Wherever an image appears in the data, omit it and copy all the remaining text word for word.
---*---
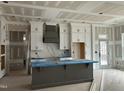 New kitchen with white cabinets and gray island at 95 Colonial Trail Ct, Pittsboro, NC 27312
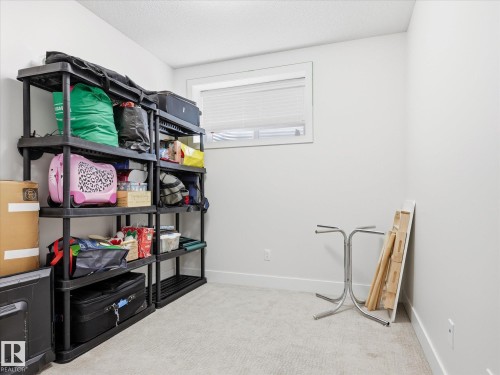 Carpeted room with a single window featuring white blinds - 12820 68 Street, Edmonton, AB - Indoor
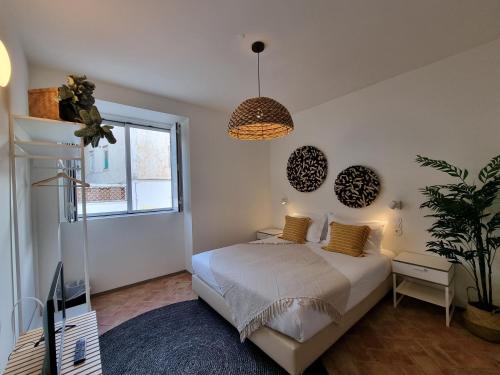 a bedroom with a bed and a potted plant at Casa Algarbe in Faro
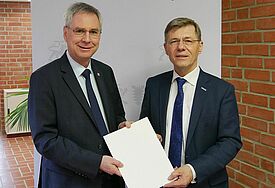 Zwei Männer im Anzug in einem Büroflur. Sie halten ein Papier in der Hand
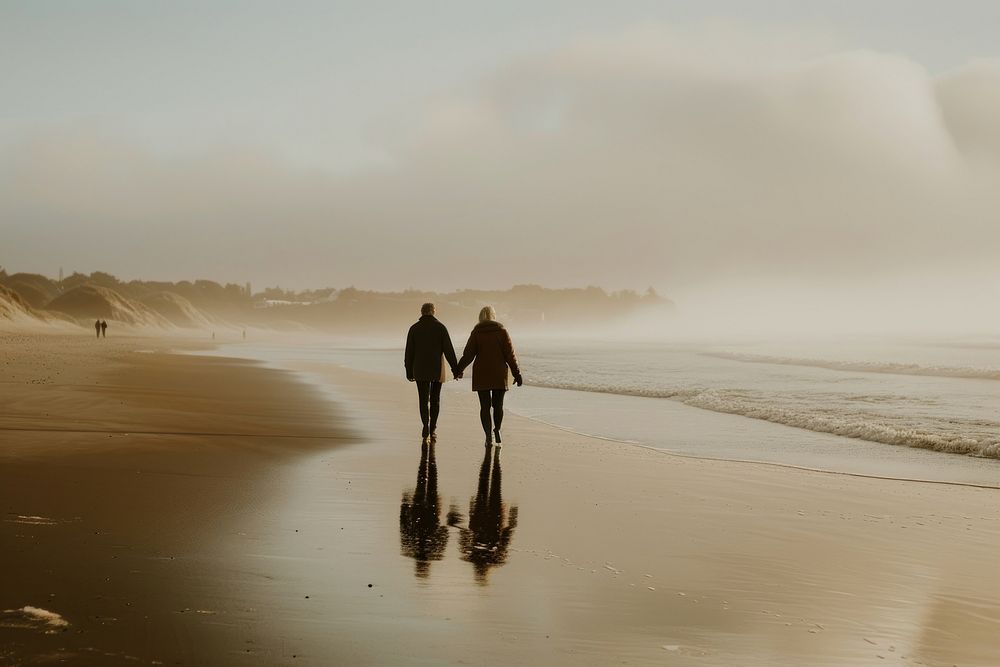 Older couple walking together beach outdoors nature.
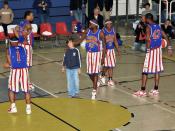 Harlem Globetrotters, are playing with a spectator during a game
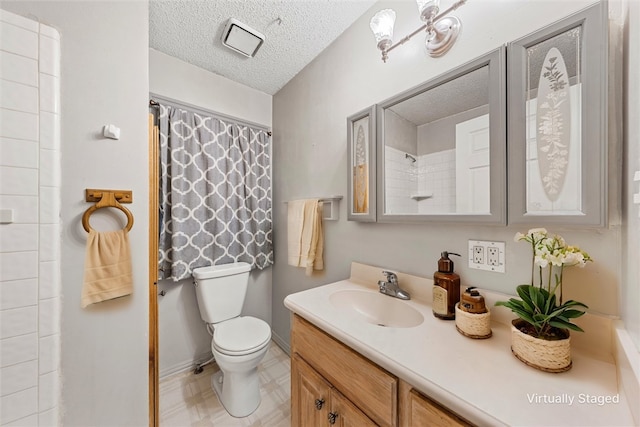 bathroom with vanity, a textured ceiling, and toilet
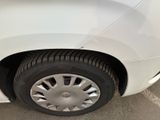 a white car that is parked in a parking lot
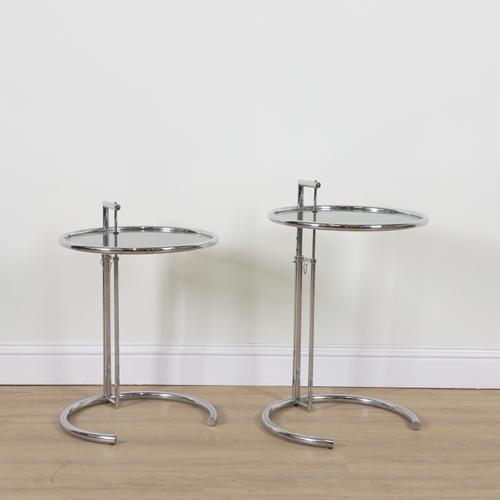 AFTER EILEEN GRAY; A PAIR OF E1027 STYLE CHROME AND SMOKED GLASS CIRCULAR HEIGHT ADJUSTABLE OCCASIONAL TABLES (2)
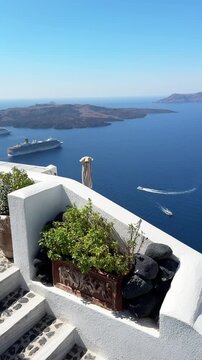 White architecture in Santorini island, Greece. Blue sea and the blue sky at sunny day. Luxury resort. Travel and summer vacation concept. Vertical video
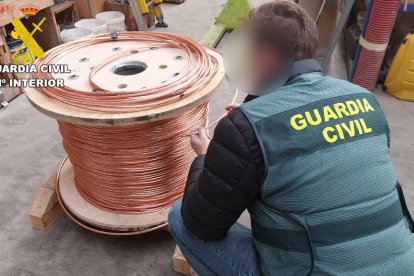 Agente de la Guardia Civil con un rollo de cobre intervenido.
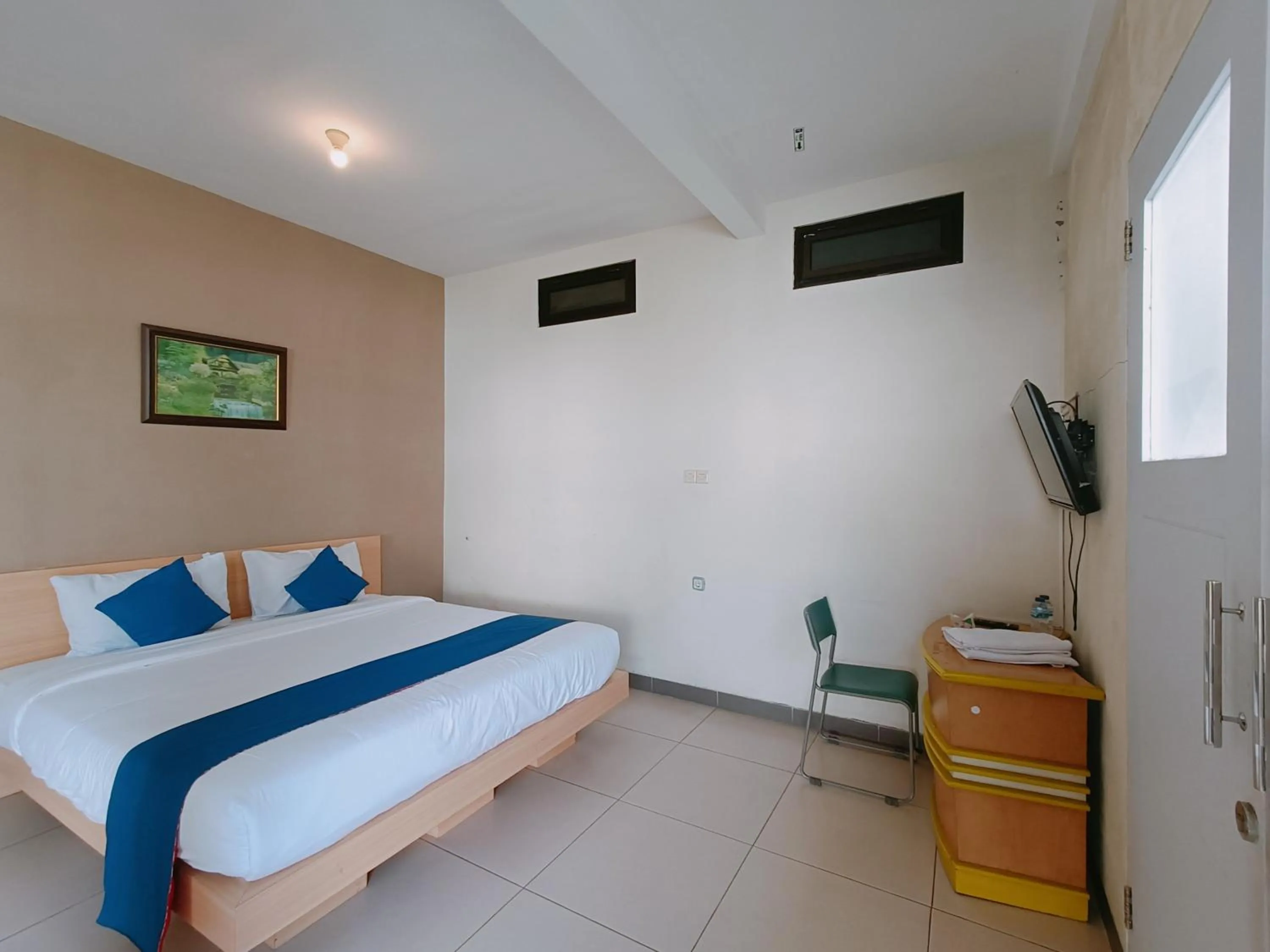 Bed in Candi Panggung Family Guest House Syariah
---*---
**PROBLEM SOLUTION**
 New kitchen with white cabinets and gray island at 95 Colonial Trail Ct, Pittsboro, NC 27312
 Carpeted room with a single window featuring white blinds - 12820 68 Street, Edmonton, AB - Indoor
 a bedroom with a bed and a potted plant at Casa Algarbe in Faro
 Zwei Männer im Anzug in einem Büroflur. Sie halten ein Papier in der Hand
 Older couple walking together beach outdoors nature.
 Harlem Globetrotters, are playing with a spectator during a game
 bathroom with vanity, a textured ceiling, and toilet
 a white car that is parked in a parking lot
 AFTER EILEEN GRAY; A PAIR OF E1027 STYLE CHROME AND SMOKED GLASS CIRCULAR HEIGHT ADJUSTABLE OCCASIONAL TABLES (2)
 White architecture in Santorini island, Greece. Blue sea and the blue sky at sunny day. Luxury resort. Travel and summer vacation concept. Vertical video
 Agente de la Guardia Civil con un rollo de cobre intervenido.
 Bed in Candi Panggung Family Guest House Syariah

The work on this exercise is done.